Should You Be An Overprotective Parent?

By in Parenting on 22 May 2009

Our nurturing and protective instinct kicks into overdrive after our child is born. From a child’s first step to his first attempt to ride a bicycle, we have rightfully secured a spot close by. More than just witnessing a child’s milestones, parents hover just to make sure that bruised and scraped knees can be avoided. Of course, parents would never dare take risks especially when it involves a child’s safety.

As much as we want to shield our kids from the harsh realities of this life, it is practically impossible to protect them from it all. At some point, a child will definitely experience feelings of fear, rejection, failure, disappointment, pain, and other negative emotions, which can greatly affect their perception of the world in general. As kids grow older, they get to realize that life is really no fairy tale after all.

If a child is hurt, it is only normal for us to feel the pain tenfold. When they are heartbroken, our hearts also shatter to a million pieces. It can be easy to give in to these overwhelming emotions when you also experience firsthand the things that your kids are going through. When you witness your child being picked on at a play area, do you instinctively come to his rescue and fight his battle for him? When you learn that your child is not treated well by other kids in his school, do you immediately approach his teacher to settle the issue?

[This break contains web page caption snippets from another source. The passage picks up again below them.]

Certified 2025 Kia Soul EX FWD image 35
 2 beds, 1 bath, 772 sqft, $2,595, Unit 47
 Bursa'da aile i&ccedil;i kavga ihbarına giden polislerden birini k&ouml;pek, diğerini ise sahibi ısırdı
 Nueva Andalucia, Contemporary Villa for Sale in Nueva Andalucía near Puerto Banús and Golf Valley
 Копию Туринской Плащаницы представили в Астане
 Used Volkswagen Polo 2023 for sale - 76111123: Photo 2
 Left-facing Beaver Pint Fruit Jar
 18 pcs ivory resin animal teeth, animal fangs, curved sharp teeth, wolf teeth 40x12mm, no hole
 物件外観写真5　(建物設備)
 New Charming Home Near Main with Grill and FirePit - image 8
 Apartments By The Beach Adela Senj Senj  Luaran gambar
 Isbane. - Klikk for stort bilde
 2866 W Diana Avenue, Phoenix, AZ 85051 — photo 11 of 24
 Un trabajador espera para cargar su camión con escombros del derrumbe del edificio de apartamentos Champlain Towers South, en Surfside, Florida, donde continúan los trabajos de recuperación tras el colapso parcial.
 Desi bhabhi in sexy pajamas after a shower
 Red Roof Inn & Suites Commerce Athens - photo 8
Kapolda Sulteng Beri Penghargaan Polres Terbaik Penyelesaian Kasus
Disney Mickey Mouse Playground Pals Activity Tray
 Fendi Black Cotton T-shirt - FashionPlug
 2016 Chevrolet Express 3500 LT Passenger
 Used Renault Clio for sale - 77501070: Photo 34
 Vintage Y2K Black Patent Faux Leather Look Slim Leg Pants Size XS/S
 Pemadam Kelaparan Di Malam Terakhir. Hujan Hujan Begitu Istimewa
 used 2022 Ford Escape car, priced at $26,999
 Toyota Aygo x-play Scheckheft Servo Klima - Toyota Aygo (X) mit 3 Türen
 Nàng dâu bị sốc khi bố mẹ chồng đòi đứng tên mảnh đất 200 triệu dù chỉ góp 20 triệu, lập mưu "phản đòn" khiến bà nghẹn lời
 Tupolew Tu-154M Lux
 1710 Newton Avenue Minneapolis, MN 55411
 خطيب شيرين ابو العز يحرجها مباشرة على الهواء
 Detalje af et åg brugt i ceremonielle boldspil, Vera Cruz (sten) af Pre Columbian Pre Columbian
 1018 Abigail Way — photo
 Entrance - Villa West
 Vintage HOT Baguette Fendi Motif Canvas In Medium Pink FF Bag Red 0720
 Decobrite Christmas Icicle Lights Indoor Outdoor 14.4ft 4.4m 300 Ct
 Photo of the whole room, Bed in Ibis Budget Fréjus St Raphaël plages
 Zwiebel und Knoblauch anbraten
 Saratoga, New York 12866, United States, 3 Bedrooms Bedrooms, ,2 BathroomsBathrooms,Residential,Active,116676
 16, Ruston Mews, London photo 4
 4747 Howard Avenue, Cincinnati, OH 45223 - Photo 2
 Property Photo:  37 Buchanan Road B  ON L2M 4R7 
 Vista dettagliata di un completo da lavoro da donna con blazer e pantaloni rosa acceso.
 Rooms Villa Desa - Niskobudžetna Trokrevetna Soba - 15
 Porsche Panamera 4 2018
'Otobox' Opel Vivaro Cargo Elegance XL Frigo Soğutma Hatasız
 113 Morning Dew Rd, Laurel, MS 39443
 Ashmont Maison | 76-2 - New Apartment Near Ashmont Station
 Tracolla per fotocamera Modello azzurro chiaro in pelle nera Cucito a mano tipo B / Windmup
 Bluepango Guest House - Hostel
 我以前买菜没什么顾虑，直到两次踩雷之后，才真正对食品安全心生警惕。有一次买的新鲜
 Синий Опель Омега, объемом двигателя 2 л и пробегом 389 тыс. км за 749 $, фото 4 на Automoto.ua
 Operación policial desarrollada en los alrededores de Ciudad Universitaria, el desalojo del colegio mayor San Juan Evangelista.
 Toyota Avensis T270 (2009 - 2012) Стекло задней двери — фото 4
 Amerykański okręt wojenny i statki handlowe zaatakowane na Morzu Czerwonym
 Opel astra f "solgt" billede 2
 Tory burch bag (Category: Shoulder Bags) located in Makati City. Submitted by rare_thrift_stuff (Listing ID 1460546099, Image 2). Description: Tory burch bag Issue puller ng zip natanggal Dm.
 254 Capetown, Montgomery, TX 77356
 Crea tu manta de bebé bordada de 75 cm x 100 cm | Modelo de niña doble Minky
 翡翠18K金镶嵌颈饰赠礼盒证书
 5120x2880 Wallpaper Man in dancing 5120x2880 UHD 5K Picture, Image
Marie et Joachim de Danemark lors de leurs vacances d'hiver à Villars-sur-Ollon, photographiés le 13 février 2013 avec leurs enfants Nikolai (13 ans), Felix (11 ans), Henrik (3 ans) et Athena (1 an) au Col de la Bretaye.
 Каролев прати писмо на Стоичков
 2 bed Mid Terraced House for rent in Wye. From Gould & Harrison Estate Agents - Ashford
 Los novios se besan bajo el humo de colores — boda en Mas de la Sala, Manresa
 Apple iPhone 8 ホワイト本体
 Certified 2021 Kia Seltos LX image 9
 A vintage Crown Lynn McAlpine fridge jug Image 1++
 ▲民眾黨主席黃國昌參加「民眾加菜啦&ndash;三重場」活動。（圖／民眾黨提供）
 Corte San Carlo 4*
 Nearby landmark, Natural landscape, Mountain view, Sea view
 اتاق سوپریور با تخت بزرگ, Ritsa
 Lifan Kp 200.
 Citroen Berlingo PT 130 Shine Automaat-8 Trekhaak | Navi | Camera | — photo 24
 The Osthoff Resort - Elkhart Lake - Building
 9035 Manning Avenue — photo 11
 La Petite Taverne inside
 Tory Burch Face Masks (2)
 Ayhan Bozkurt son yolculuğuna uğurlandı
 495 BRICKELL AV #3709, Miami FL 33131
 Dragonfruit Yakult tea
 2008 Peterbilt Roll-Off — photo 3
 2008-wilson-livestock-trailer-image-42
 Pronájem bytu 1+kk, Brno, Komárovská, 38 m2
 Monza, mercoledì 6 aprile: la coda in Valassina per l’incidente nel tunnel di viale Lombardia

Many parents are guilty of being too overprotective to their kids. Instead of waiting out to allow the child to fight his own battles, many parents immediately react in haste to protect a child. There is absolutely nothing wrong with our intention to protect our kids, but when we do this to a fault, we are already depriving our kids of learning essential life skills.

Although we only want the best for our kids, our efforts in preparing them for the future may be futile if we don’t give them the chance to do things by themselves. An overprotected child may not have the opportunity to improve his coping skills, and he may never learn how to pick up the pieces and start again after experiencing failure. Life is a two-way street, there are times that you reap the rewards of your labor through success, but there are also times that your efforts will not be fruitful despite your hard work.

It is then vital that you allow your kids to experience life as it is –full of trials and flaws. When they are left to confront certain situations by themselves, they will learn how to deal with similar situations in the future. Teach your kids that negative life experiences are not meant to destroy one’s character. They actually come with valuable life lessons that could never be learned elsewhere.

Thus, parents should learn how to positively respond to certain situations involving their child’s welfare. Don’t hesitate to step in during instances when your child’s safety may be at risk. On other circumstances, stay supportive but allow your child to fight his own battles. If you let go to some extent, you are actually doing your child a favor by allowing him to develop essential coping skills.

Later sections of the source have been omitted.